Cameroun-L’homme politique et universitaire Vincent Sosthène Fouda écrit un ouvrage sur l’assassinat de Monseigneur Benoit Bala

Vincent Sosthène Fouda

Devoir de mémoire donc d’histoire sans testament.

Les camerounais sont des hommes et des femmes qui se trompent de colère Dès les premières heures de la matinée, nous nous retrouvâmes ma jeune épouse, mon frère, ma sœur aînée et moi-même à Oveng pour les funérailles traditionnelles de Jean-Marie Benoît Bala. Ce n’était plus l’évêque, mais le fils du terroir, l’Etoudi, le petit fils des Tsinga, mais surtout le fils de ce carrefour de tribus où tout se mélange pour donner vie à un peuple, qui était pleuré.

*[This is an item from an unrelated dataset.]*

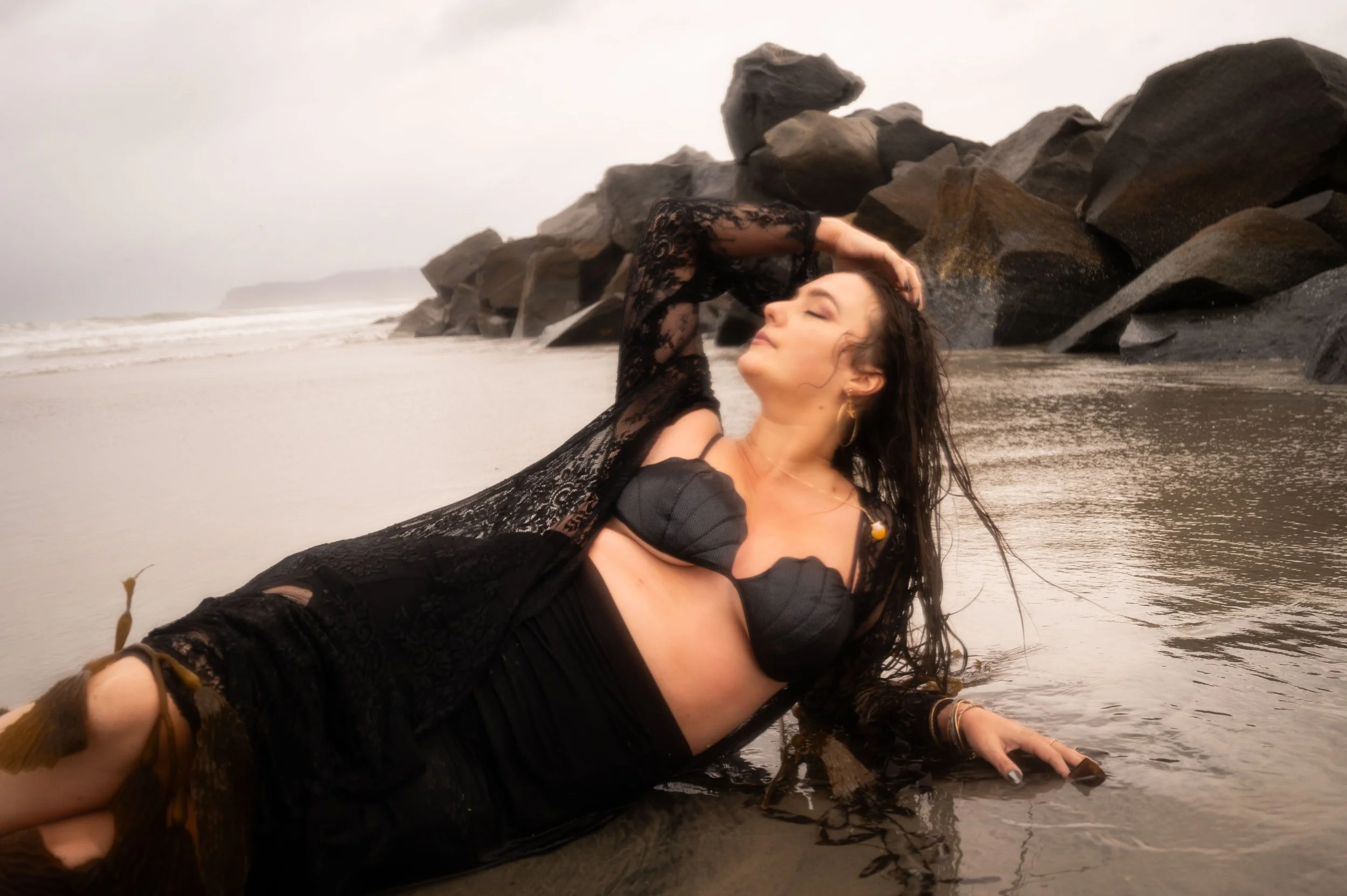Woman in black lace outfit reclining on the beach near rocks, with water and cloudy sky in background.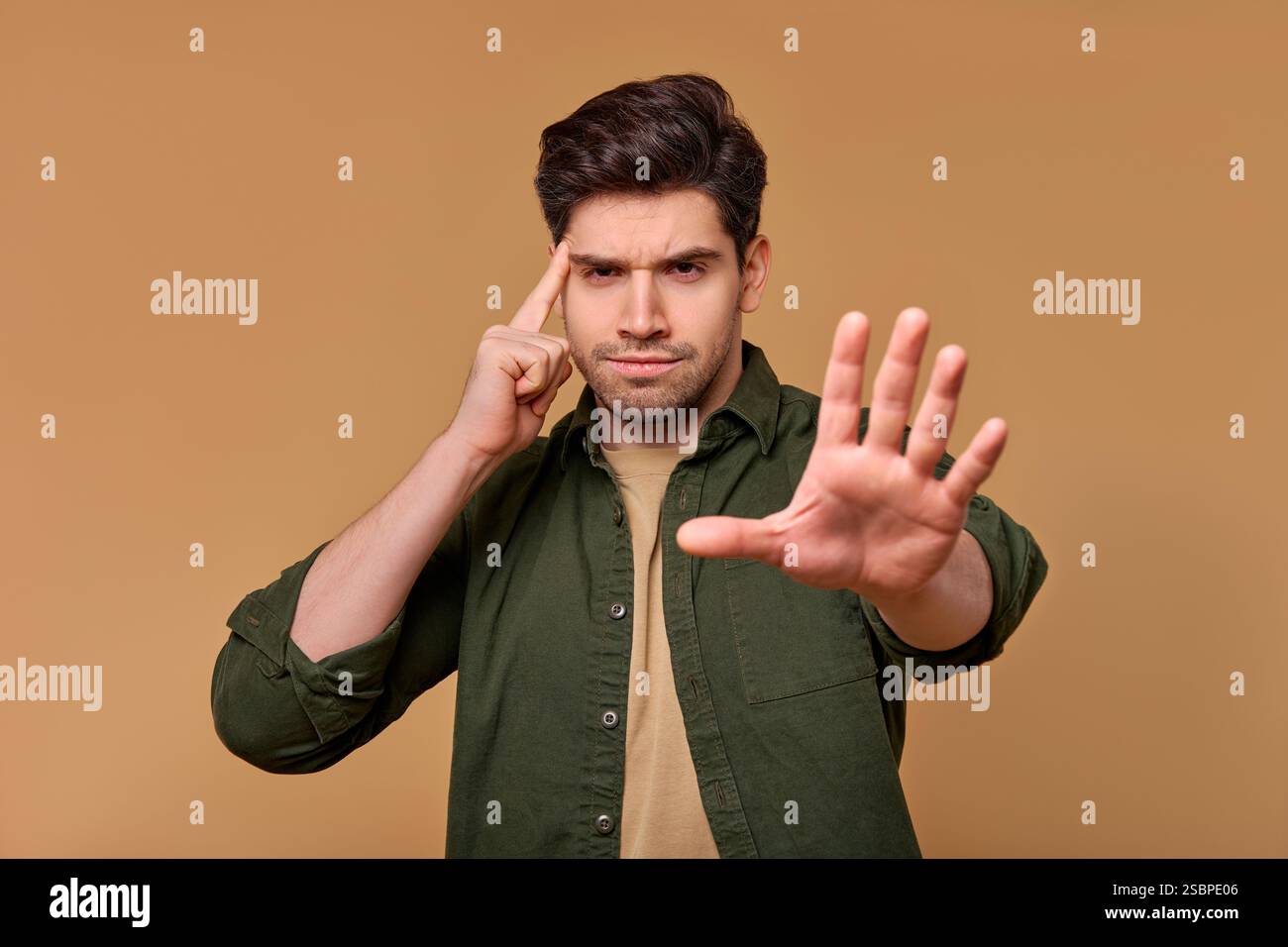 Un giovane si esprime con sicurezza, usando una mano per gesti toccando leggermente il tempio, mostrando un pensiero e una contemplazione Foto Stock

Assez rapidement, je découvris que rien n’avait été préparé mais tout avait été dicté depuis le palais de l’unité par le Directeur du Cabinet Civil de la présidence. Les Etoudi de Mballa II arrivèrent en grand nombre suivant la devise de ce peuple qui veut que bien que deux familles, il ne puisse pas avoir de ligne entre elle où un filet d’eau ne passe et repasse. Le ministre, le député. J’utilisai donc mon véhicule pour aller chercher les tam-tams devant servir à appeler l’âme du mort enterré à Bafia afin qu’il vienne rejoindre les siens. Vers 14 heures nous nous retirâmes dans le bosquet comme il est de tradition pour interroger les ancêtres et les vivants. Nous devions nous asseoir pour creuser en profondeur pour savoir de quoi est décédé Mgr Bala. Rien ne fut possible, nous étions là debout, fuyant la mémoire, refusant la construction de notre propre identité.

Deux camps se formèrent assez rapidement, celui ayant les consignes du ministre directeur du cabinet civil et celui des pauvres gens sans moyen financier donc sans parole. Les plus nantis et porteur du message de la République se mirent donc avec une dextérité sans faille à déconstruire la douleur, l’image et le souvenir de Jean-Marie Benoît Bala. 47 minutes après, quand nous décidâmes enfin de sortir de ce bois de la honte, tout était fini. La mémoire n’était plus un trésor mais un vaste trou aux émanations sépulcrales nauséabondes. Jean-Marie n’était plus un « Martyr de l’Amour » comme j’avais tenté de l’imposer (la vérité n’était pas autre),mais un suicidé, une arme contre lui-même, contre la mémoire, un visage hideux dont il fallait rapidement se séparer pour lire une lettre de remerciement adressée au Chef de l’État et permettre ainsi à Mgr Jean Mbarga petit fils Tsinga lui aussi de danser l’Essani, bref de triompher. Nous étions le 7 octobre 2017, une forte pluie s’abattit alors sur le village, dans l’hypocrisie nôtre, nous eûmes une double interprétation, malédiction pour les uns, bénédiction pour les autres ; les deux étaient rendues possible par la seule volonté de notre hypocrisie.